***** RECORDS

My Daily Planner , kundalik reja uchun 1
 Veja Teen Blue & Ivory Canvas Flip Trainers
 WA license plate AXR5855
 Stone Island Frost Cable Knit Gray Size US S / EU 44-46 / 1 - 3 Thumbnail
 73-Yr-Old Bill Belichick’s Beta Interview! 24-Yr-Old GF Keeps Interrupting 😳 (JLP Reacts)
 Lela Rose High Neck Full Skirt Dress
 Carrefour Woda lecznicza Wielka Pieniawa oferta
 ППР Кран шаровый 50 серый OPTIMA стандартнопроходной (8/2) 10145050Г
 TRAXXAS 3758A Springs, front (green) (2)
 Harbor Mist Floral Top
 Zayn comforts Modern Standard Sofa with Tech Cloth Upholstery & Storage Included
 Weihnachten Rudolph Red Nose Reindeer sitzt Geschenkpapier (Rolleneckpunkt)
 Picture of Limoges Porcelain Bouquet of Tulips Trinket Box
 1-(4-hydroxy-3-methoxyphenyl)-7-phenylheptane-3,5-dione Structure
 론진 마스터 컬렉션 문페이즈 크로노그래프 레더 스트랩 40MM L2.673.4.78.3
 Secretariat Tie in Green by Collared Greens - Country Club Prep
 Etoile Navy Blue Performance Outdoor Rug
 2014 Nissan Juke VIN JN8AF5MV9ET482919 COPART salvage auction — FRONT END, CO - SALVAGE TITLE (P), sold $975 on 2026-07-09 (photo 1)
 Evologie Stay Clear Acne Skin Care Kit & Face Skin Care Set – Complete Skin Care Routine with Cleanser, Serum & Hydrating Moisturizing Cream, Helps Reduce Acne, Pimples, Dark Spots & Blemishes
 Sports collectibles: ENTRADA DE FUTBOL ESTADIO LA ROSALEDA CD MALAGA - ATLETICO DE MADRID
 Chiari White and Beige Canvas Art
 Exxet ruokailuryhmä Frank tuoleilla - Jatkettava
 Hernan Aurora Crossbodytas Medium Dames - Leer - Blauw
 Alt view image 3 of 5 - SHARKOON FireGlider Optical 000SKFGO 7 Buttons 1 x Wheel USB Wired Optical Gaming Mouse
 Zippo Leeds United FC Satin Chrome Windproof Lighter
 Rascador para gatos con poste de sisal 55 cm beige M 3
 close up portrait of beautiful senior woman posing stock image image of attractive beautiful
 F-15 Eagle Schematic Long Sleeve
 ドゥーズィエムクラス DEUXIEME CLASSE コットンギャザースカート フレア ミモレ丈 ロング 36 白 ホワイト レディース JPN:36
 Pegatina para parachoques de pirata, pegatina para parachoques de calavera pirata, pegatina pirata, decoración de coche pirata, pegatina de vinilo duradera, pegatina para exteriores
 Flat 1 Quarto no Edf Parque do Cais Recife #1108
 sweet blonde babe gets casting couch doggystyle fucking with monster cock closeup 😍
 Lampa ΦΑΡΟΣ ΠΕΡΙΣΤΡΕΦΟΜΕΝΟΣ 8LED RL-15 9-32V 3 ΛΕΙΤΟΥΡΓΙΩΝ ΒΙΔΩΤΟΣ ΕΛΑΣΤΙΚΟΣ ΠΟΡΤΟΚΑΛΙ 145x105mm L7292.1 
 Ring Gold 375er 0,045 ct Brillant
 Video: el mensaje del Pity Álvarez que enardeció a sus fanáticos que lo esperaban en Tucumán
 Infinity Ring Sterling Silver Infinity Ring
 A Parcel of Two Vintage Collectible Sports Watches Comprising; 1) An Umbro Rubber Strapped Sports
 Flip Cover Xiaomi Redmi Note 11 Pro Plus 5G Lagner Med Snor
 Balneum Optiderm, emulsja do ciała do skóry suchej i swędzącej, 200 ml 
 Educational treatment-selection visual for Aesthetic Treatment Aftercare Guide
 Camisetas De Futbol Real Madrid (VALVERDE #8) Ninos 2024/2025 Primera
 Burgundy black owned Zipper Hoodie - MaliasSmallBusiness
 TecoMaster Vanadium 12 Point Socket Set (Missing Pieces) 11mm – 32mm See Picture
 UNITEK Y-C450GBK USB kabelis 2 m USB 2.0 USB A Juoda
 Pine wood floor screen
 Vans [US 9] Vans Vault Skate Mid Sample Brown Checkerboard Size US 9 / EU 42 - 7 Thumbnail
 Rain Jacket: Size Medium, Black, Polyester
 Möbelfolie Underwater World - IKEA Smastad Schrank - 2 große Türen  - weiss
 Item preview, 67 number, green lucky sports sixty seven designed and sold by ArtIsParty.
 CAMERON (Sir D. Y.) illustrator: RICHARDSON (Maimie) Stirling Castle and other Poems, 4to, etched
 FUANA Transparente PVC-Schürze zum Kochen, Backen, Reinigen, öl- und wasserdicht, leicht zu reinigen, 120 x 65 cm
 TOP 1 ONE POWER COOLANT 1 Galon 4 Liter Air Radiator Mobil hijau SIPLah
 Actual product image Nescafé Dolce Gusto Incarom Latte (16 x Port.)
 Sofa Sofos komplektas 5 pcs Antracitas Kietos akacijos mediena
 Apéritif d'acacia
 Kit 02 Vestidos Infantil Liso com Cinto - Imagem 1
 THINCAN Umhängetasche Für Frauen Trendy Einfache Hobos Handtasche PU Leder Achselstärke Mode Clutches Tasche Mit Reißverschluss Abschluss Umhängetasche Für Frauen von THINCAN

**********

WHAT THE TASK ASKS –
Output only the lines from the one holding "Kit 02 Vestidos" through the last line above, exactly as they appear.

REPLY –
 Kit 02 Vestidos Infantil Liso com Cinto - Imagem 1
 THINCAN Umhängetasche Für Frauen Trendy Einfache Hobos Handtasche PU Leder Achselstärke Mode Clutches Tasche Mit Reißverschluss Abschluss Umhängetasche Für Frauen von THINCAN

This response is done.